Start of Materials provided

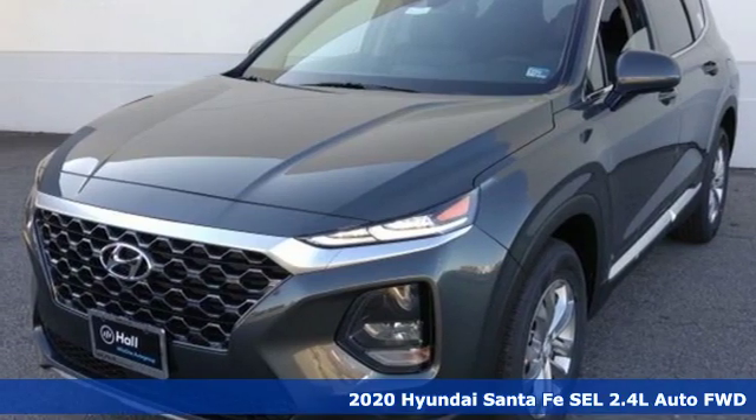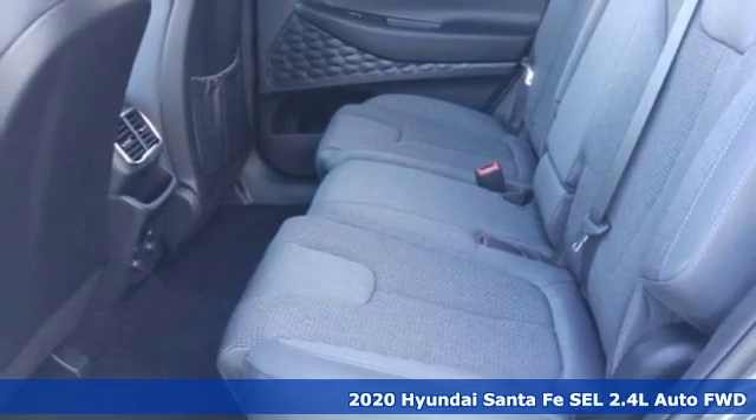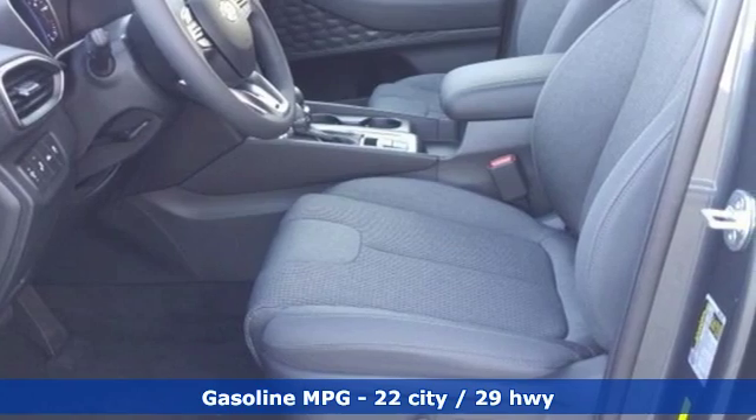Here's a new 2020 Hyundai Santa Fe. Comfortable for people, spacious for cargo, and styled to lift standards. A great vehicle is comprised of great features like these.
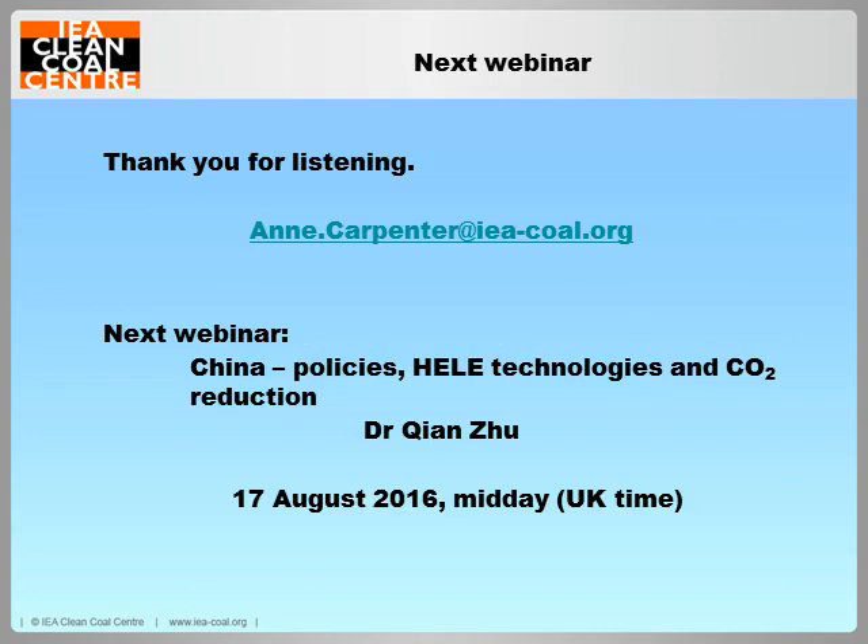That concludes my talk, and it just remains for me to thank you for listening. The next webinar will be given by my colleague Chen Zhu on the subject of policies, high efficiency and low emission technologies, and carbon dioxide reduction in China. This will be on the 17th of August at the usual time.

End of Materials provided
Start of Materials provided

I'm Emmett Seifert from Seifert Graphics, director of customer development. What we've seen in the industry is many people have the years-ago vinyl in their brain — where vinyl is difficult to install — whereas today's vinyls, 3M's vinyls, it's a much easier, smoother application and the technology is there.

End of Materials provided
Start of Materials provided

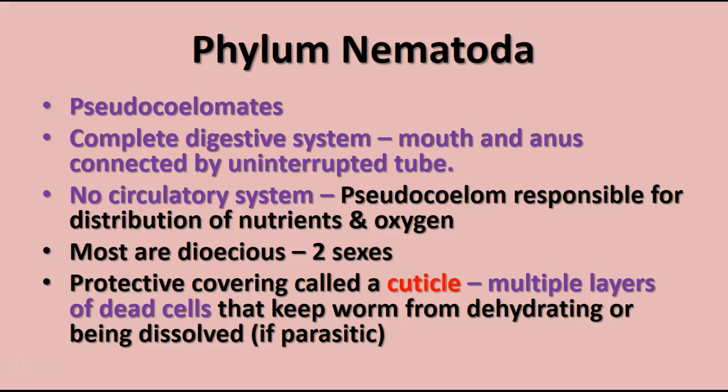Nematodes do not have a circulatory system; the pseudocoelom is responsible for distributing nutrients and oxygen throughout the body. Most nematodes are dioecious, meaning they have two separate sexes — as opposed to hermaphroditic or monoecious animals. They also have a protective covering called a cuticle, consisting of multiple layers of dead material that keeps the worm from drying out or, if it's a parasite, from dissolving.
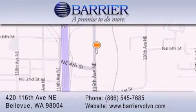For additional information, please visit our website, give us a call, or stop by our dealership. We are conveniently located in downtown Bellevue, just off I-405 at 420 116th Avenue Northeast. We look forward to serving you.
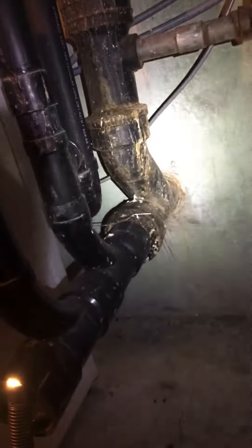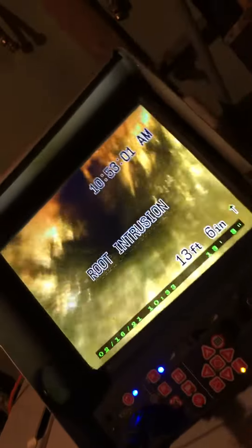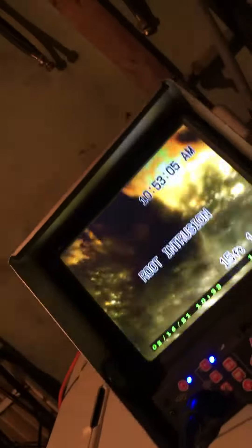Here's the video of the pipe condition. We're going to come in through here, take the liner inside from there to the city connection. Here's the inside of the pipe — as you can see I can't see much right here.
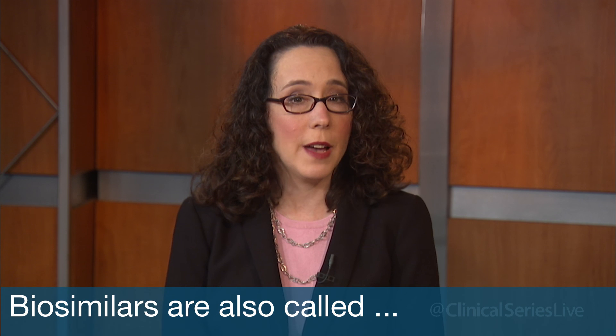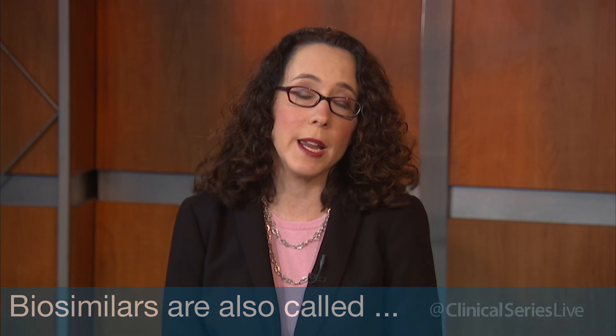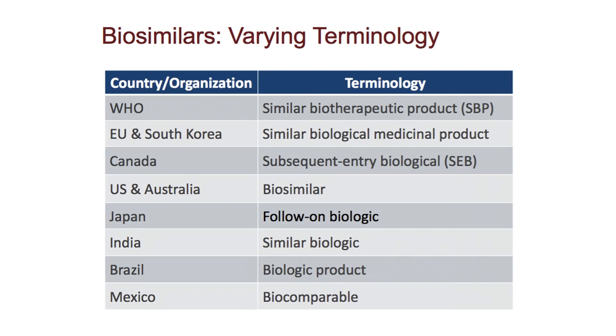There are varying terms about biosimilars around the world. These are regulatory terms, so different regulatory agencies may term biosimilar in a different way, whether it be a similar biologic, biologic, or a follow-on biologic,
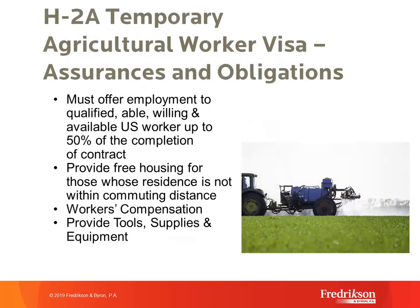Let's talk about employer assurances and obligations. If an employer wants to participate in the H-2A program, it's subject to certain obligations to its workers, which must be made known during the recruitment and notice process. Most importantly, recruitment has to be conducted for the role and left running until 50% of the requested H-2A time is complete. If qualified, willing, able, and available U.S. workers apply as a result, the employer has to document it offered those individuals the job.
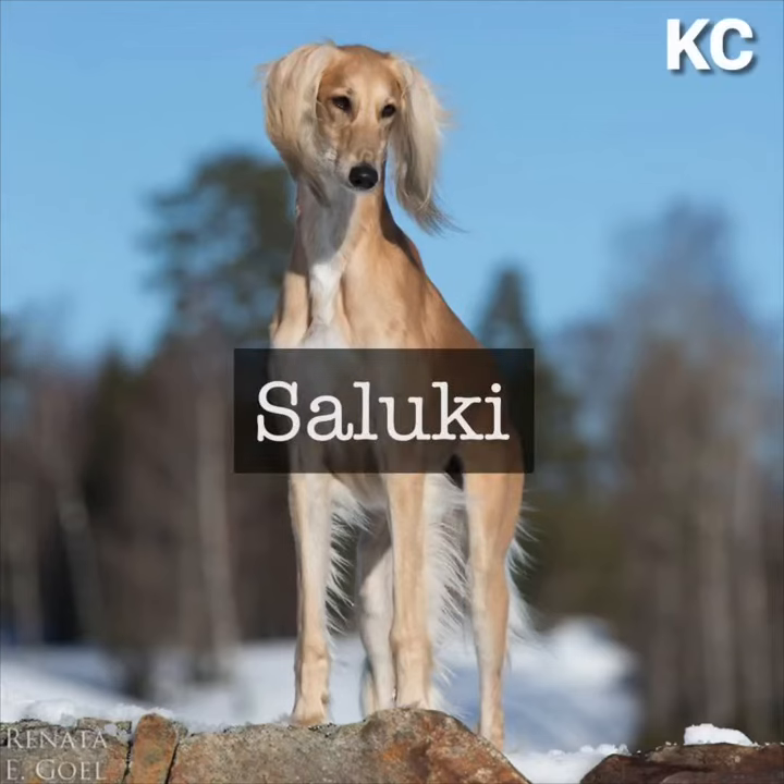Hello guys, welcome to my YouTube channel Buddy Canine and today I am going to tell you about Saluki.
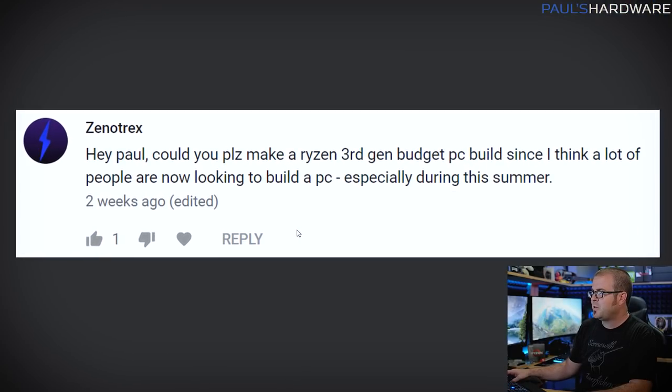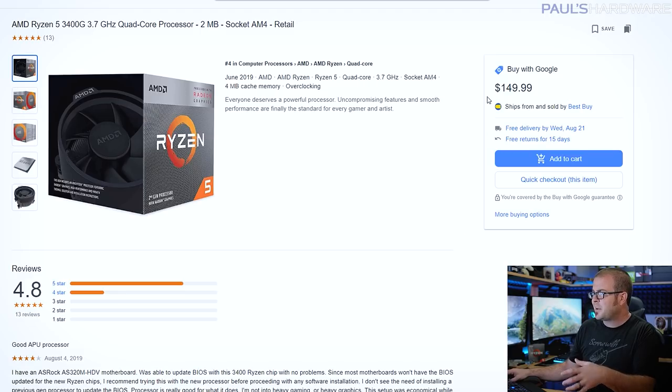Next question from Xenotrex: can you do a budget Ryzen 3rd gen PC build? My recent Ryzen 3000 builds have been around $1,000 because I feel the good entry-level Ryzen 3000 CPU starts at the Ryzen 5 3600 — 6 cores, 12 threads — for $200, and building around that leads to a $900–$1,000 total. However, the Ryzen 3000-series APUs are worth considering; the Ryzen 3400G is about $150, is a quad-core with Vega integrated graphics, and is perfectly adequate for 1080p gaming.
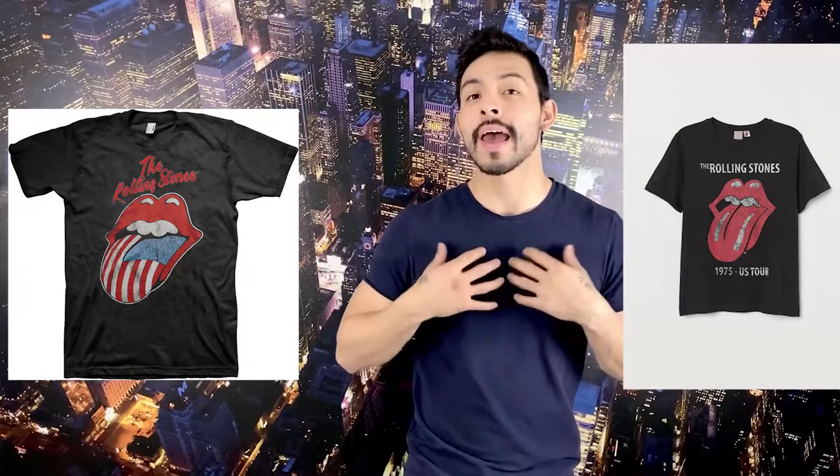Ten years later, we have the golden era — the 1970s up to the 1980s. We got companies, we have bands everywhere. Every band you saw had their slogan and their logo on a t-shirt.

End of Materials provided

Copy out exactly the lines above beginning with the line that contains "Let's talk about" and finishing with the line that contains "Hello guys, welcome", including both; leave the pictures out.

Let's talk about employer assurances and obligations. If an employer wants to participate in the H-2A program, it's subject to certain obligations to its workers, which must be made known during the recruitment and notice process. Most importantly, recruitment has to be conducted for the role and left running until 50% of the requested H-2A time is complete. If qualified, willing, able, and available U.S. workers apply as a result, the employer has to document it offered those individuals the job.
Hello guys, welcome to my YouTube channel Buddy Canine and today I am going to tell you about Saluki.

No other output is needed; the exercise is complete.